Monday, September 5, 2016

The Bircher Long March



For a long time there was an established narrative, both within and without the conservative movement, that in the early 1960s William F Buckley and his allies banished the John Birch Society and other fringe elements from the conservative movement, paving the way for the more economically-focused John the Baptist Goldwater and redeemer Reagan. Conservatives have been very invested in this narrative, and defend it vigorously. Allan J Lichtman has questioned this view, and thus entitled his stellar history of the conservative movement White Protestant Nation, drawing a rebuke from David Frum in his book review. He saw movement conservatism as a repository of noble ideas, not resentments aimed at preserving a certain kind of country and social order.

This election year, however, appears to have proven Lichtman's thesis.
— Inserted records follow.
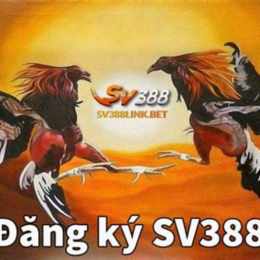 đăng ký đá gà 68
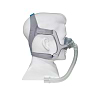 Kit CPAP AirSense 11 com Umidificador e AirTouch N20 - Resmed
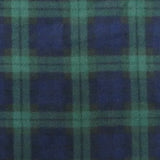 Christmas Fleece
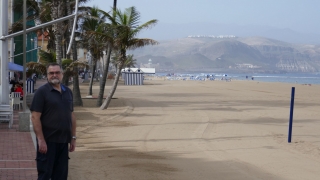 Kanaren_GranCanaria2_061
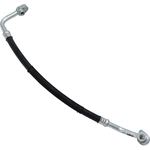 Order Suction Line by UAC - HA111734C For Your Vehicle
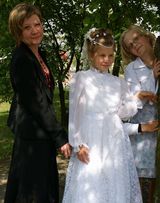 Zdjęcie użytkownika izabelina80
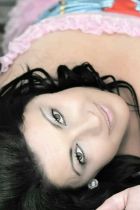 Call Girl Johanika (46 age, South Africa)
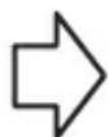 THULE Bike Rack Around-the-Bar Adapter - > Instructions - 15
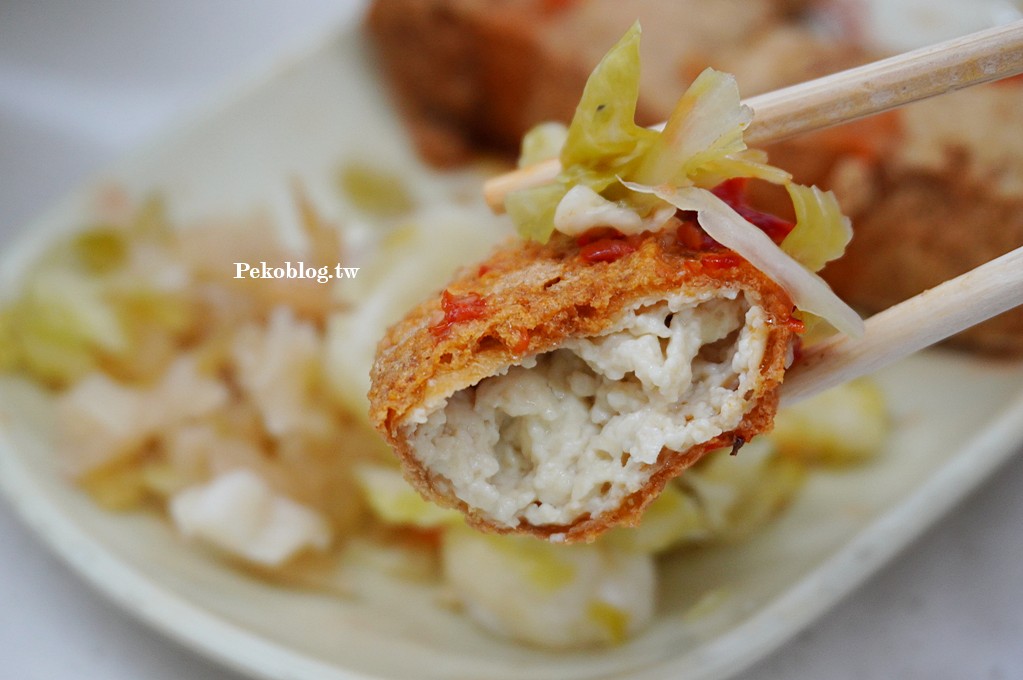 宜蘭美食,冬山美食,冬山大可愛,羅東小可愛,冬山粉圓冰 @PEKO の Simple Life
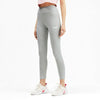 Puma Women&#39;s Amplified Legging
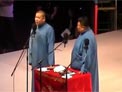 歌曲漫谈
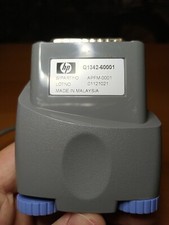HP Q1342-60001 USB Parallel Printer APFM-0001  Adattatore Porta Stampante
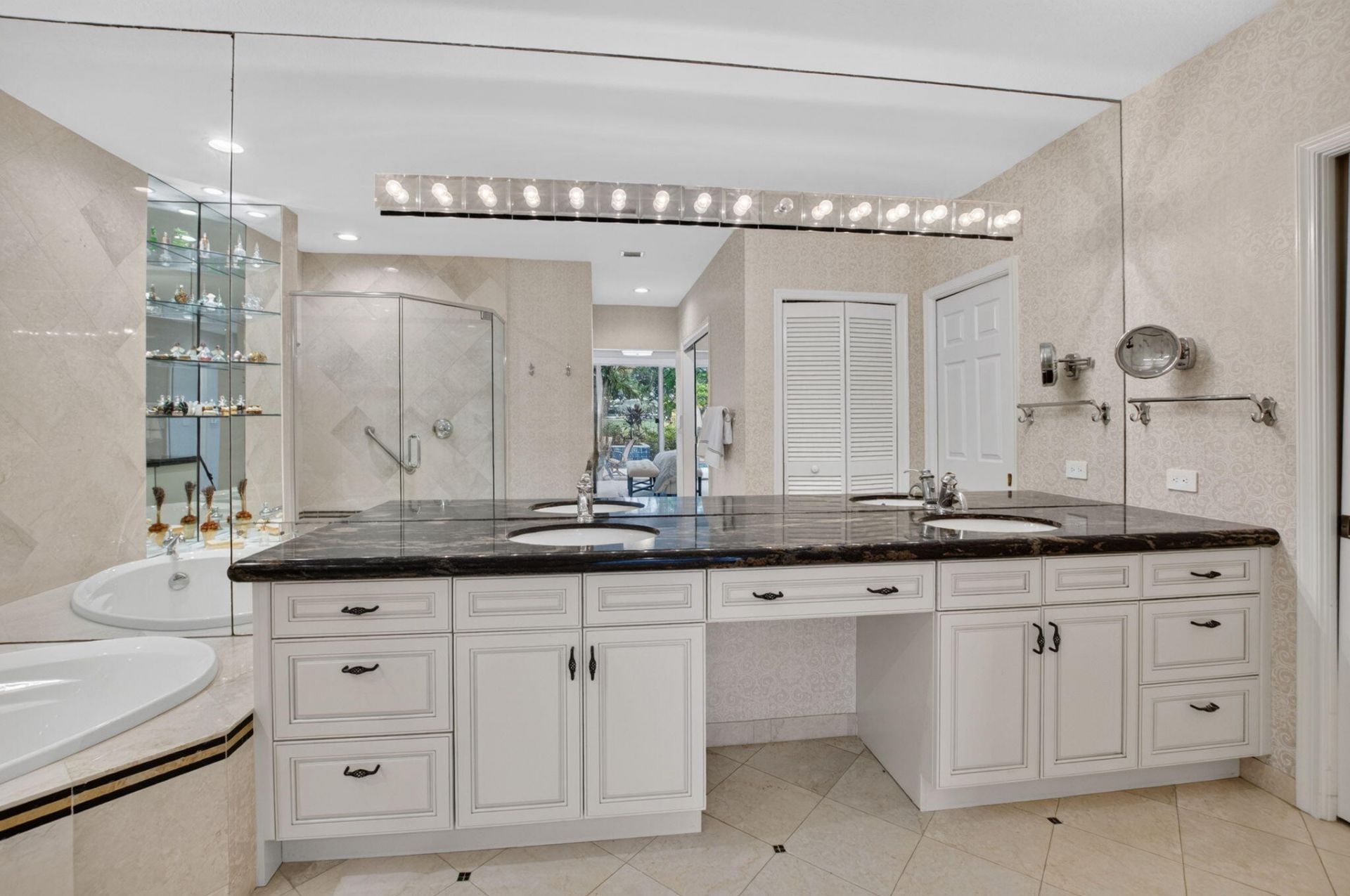 5689 NW 24th Terrace, Boca Raton, FL 33496 Photo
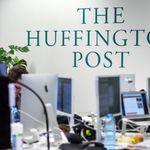 Senki sem akarná, hogy úgy rúgják ki, mint a Huffington Post 47 munkatársát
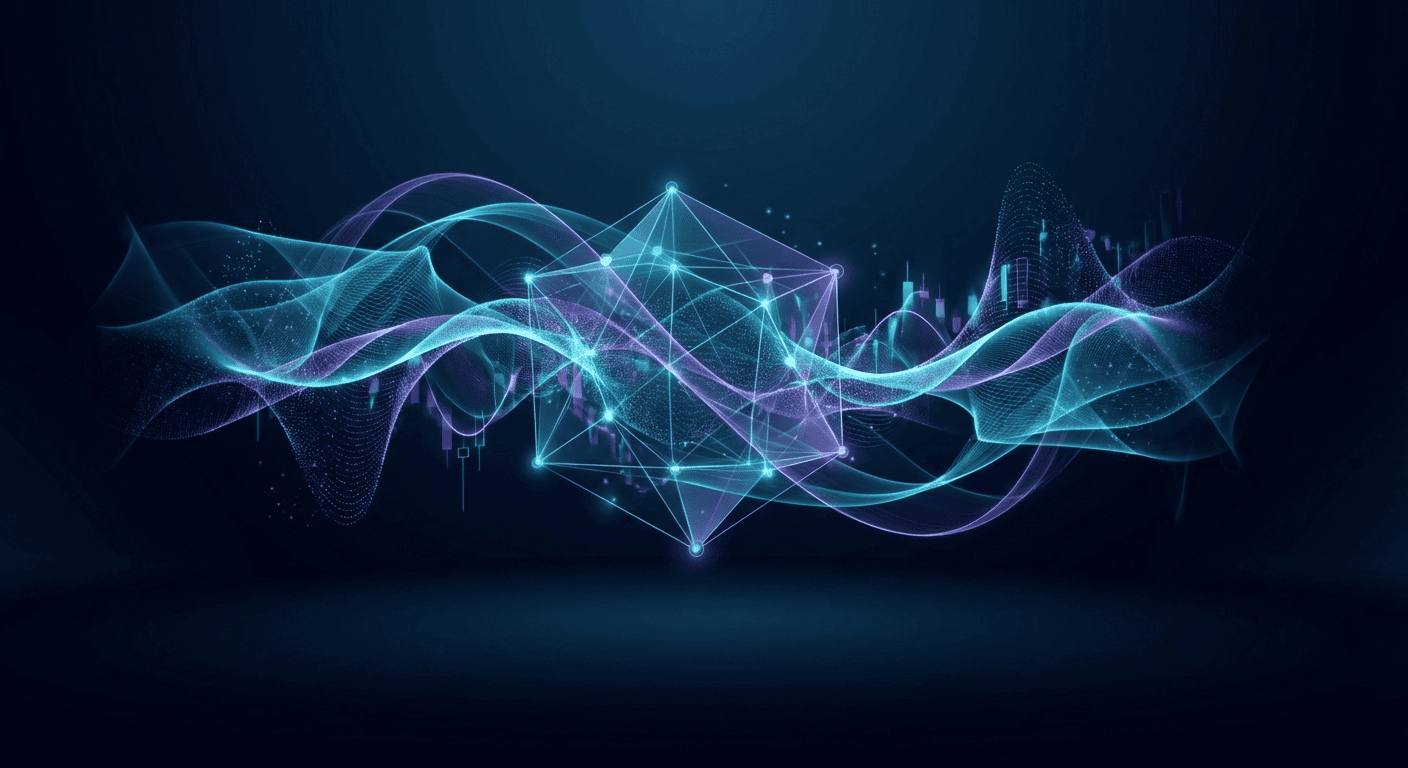 Crypto Futures Order Execution: Mastering Slippage, Timing & Fill Quality cryptocurrency visual illustration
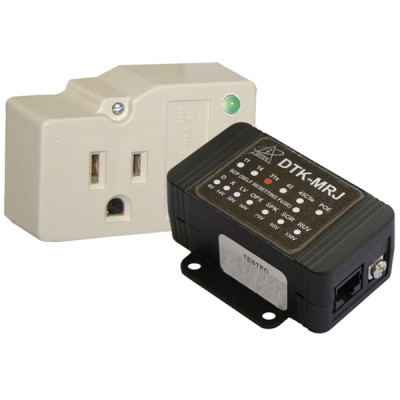 DITEK Power Device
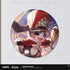 Honkai: Star Rail Badge Anniversary Celebration Gift Series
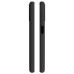 Чехол для мобильного телефона BeCover Samsung Galaxy M22 SM-M225 Black (706929)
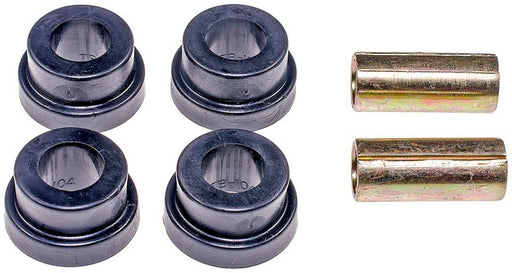 Suspension Track Bar Bushing Dorman-OE Solutions 540-791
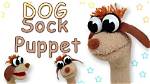 Fact Check: Is the Sock Puppet Dog Real or Just Clever Camera Trickery?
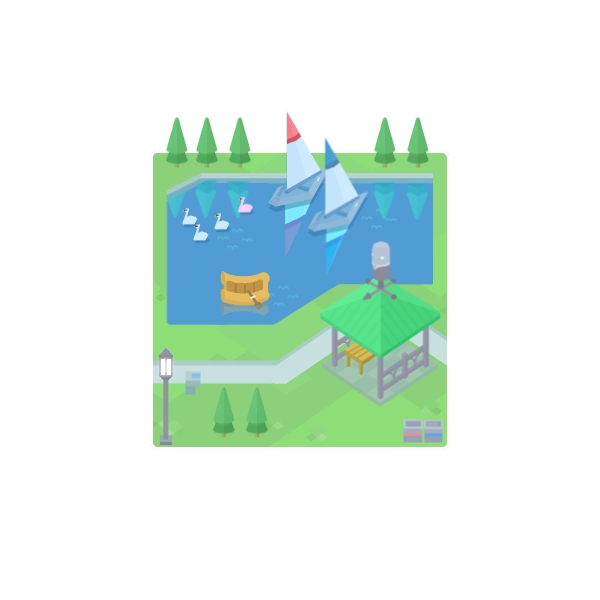 National Park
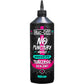 MTB Tubeless Tire Sealant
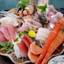 千葉・房総半島でオススメの漁協食堂・魚屋食堂・漁師直営レストラン13選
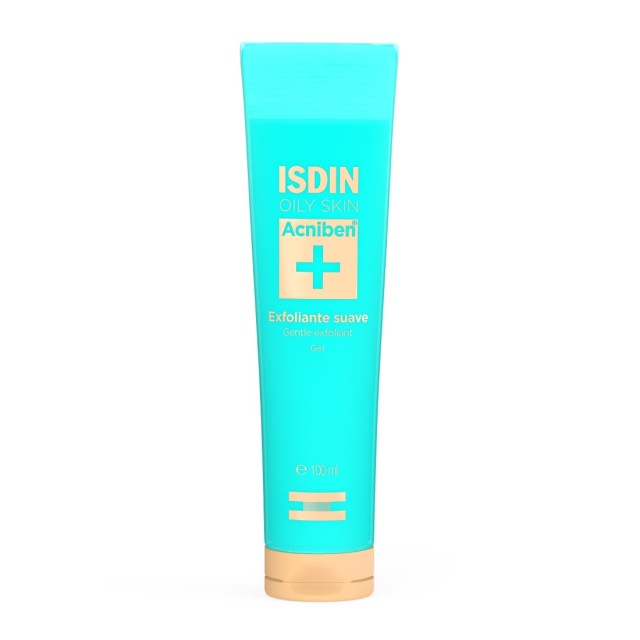 Isdin Acniben G … Isdin Acniben G …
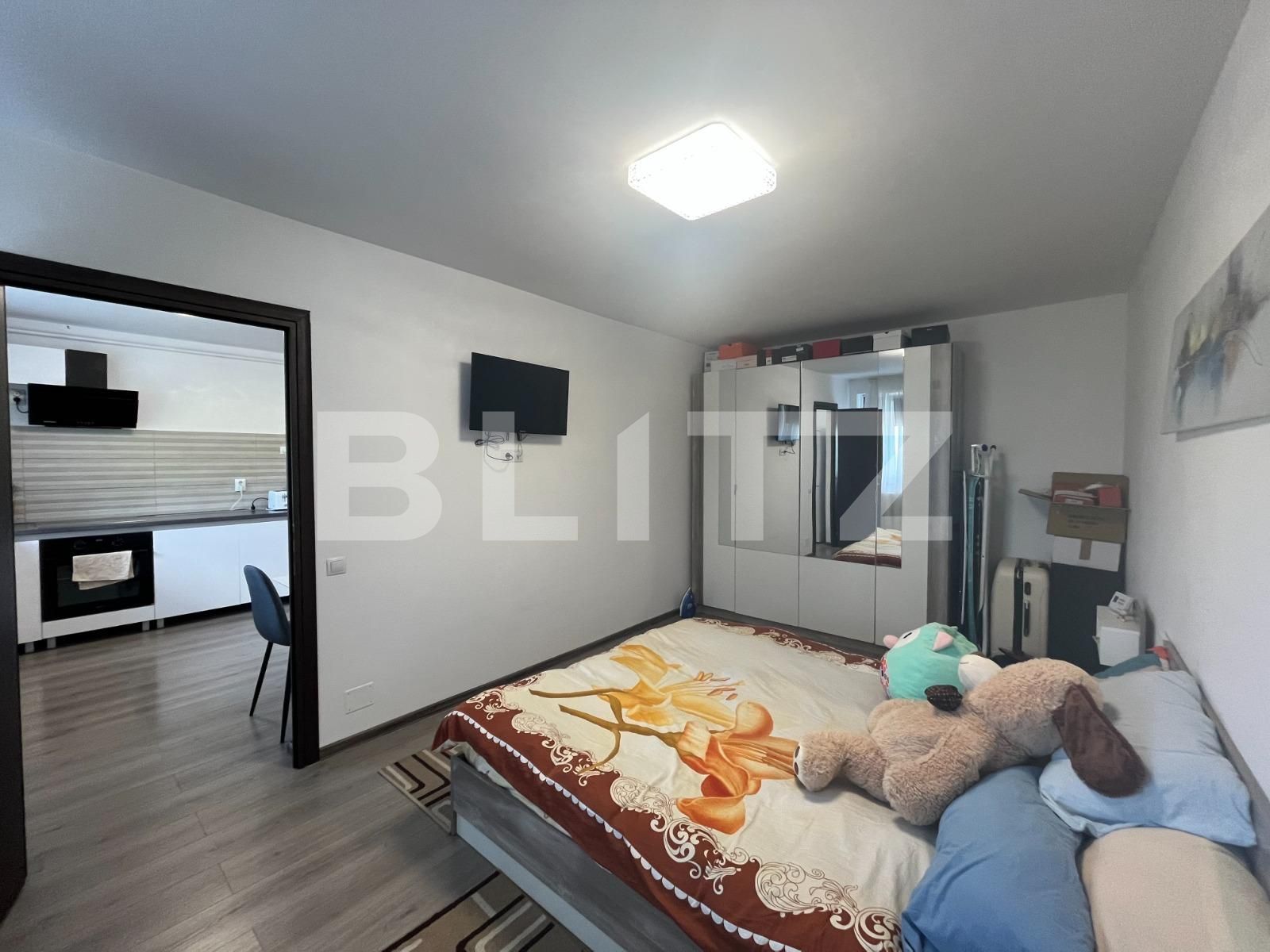 Apartament de vânzare 2 camere Manastur - 87694AV | BLITZ Cluj-Napoca | Poza5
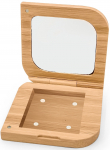 Meigipalett Ecocera Natural Choice S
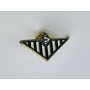 Pin Verein unbekannt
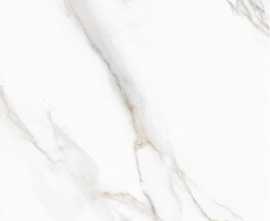 Керамогранит 166509 Pelatin Polished 60х60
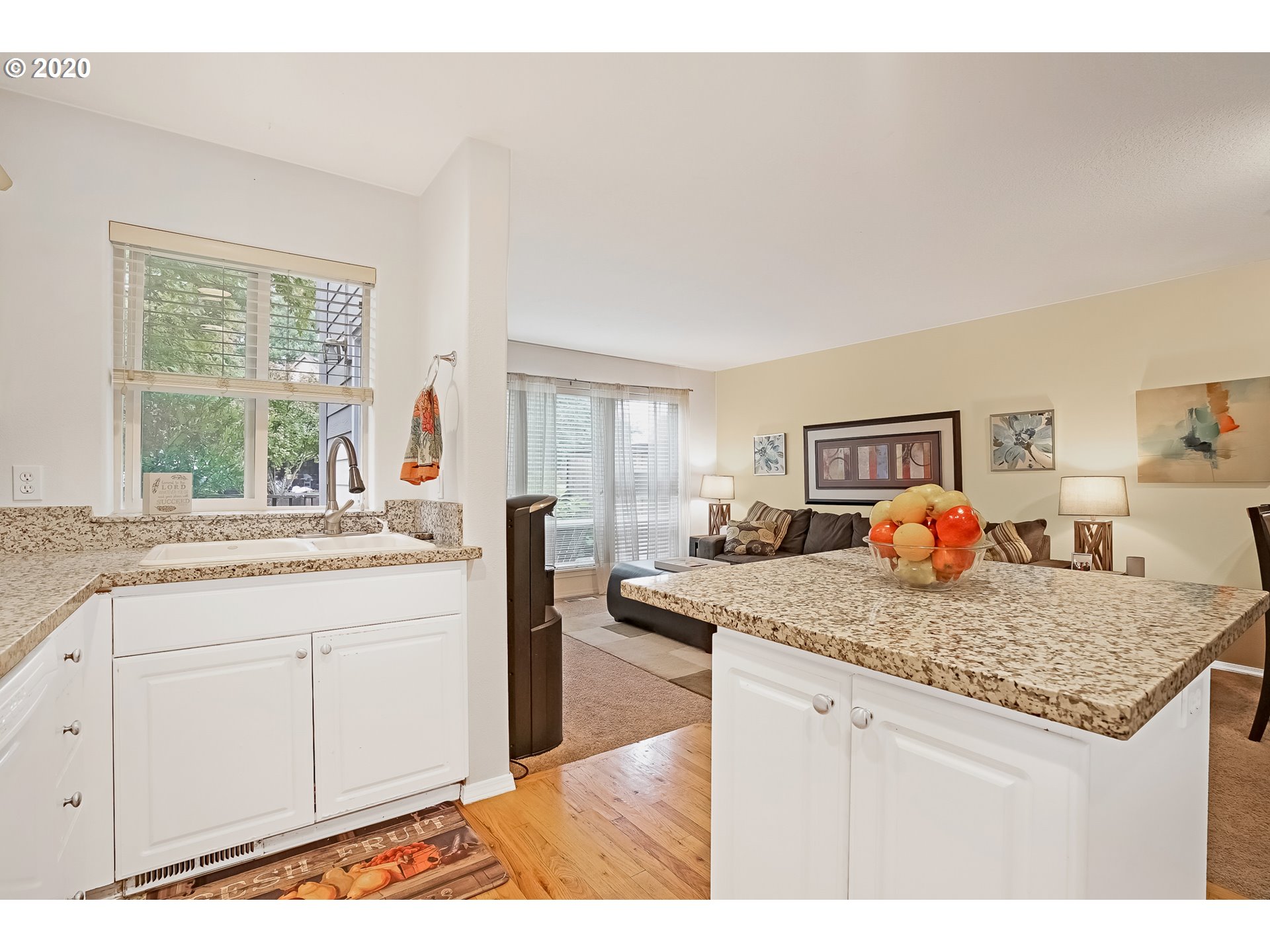 22036 Southwest Grahams Ferry Road Tualatin, OR 97062 - Photo 11 of 31 Gallery Image 11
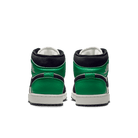 Men's Air Jordan 1 Mid SE "Lucky Green"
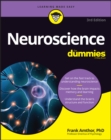 Neuroscience For Dummies - Book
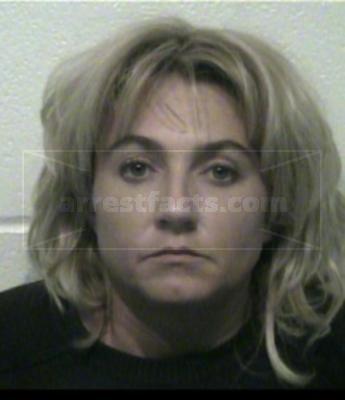 Donna Lynn King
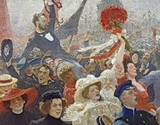 ���� �����. 17 ������� 1905 ����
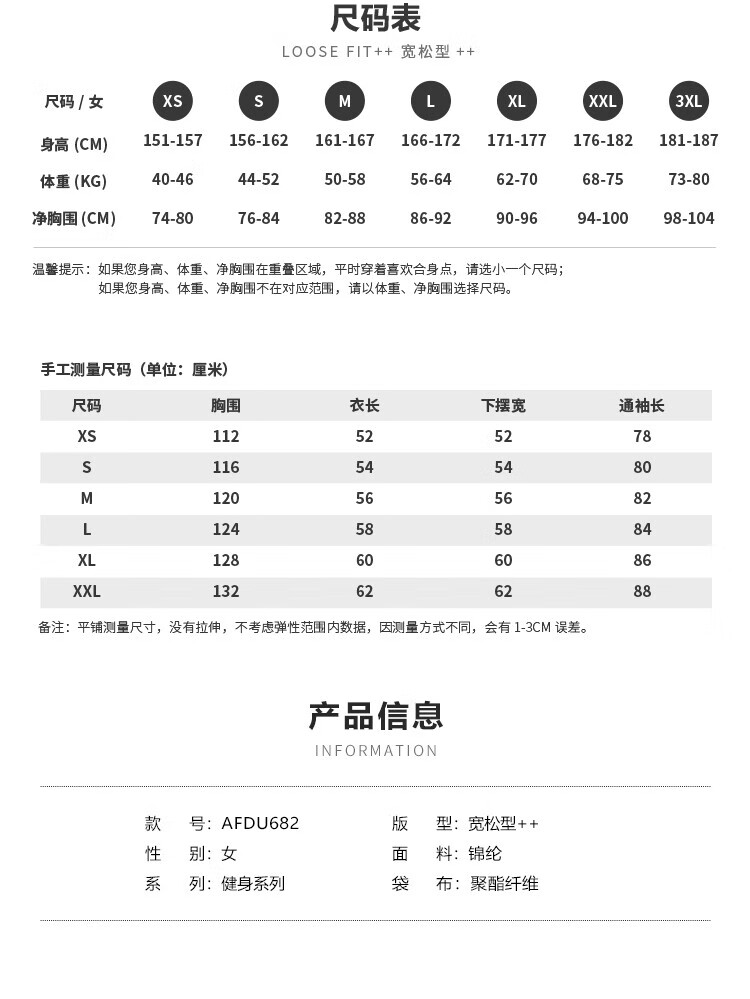 a9d408d669e5be5d.jpg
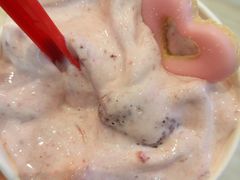 -DQ·蛋糕·冰淇淋(鸿坤店)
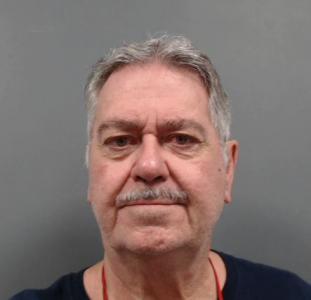 Charles Roy Stallings a registered Sexual Offender or Predator of Florida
It seems that, contrary to the old narrative, that the Birchers and assorted right wing practitioners of what Richard Hofstadter called the "paranoid style" never went away at all. The so-called "alt-right," inheritors of the racist and xenophobic traditions in conservatism dating to the 1920s, now have more pull with the Republican nominee than the free marketeers who think they represent conservatism. That candidate has built his campaign on whites resentful over losing "their" country, exactly the kind of thing that Lichtman saw as the core of conservatism.

Like most funguses, the nationalist right has flourished in darkness on a diet of eating shit. For years it lurked in the background, finding an airing in the less savory corners of the talk radio world apart from the Hannitys and Limbaughs. Those who fancied themselves the leaders of the conservative movement looked up to economists like Hayek and Friedman, and writers like Ayn Rand. They really thought that their movement was united by notions of limited government and cultural restoration.

Like Mao's army during the Long March or Castro's guerillas up in the Cuban mountains, the Birchers bided their time in the boondocks, gathering strength and ready to strike at the movement's rulers, who were losing legitimacy faster than they realized. Sarah Palin's vice presidential candidacy was like the attack on the Moncada barracks: a failure in the short term, but galvanizing. Soon came Glenn Beck and the Tea Party and the cries of "take our country back," the phrase that encapsulates the true heart of modern conservatism. The election of a black liberal president tipped the balance in favor of the Birchers. They had the power of the conservative lizard brain's revulsion on their side, which wipes the floor with the intellectual conservatism of the likes of Frum, David Brooks, and George Will.

The average conservative foot soldier has no clue who the Cato Institute or Friedrich von Hayek or Milton Friedman or Arthur Laffer are. They are much more likely to know Alex Jones, who is the most listened-to practitioner of the paranoid style in many decades. The average conservative is not a college young Republican with a copy of The Fountainhead on their nightstand. It's an exurban talk radio fan driving a pick up truck to their lower middle class job while listening to Michael Savage. Instead of being defeated in the early 1960s, the Birchers have played the long game, and are now running the show. The Frums, Brookses, and Wills of the world are modern day Alexander Kerenskys, victims of the revolution they were foolish enough to think they were in control of.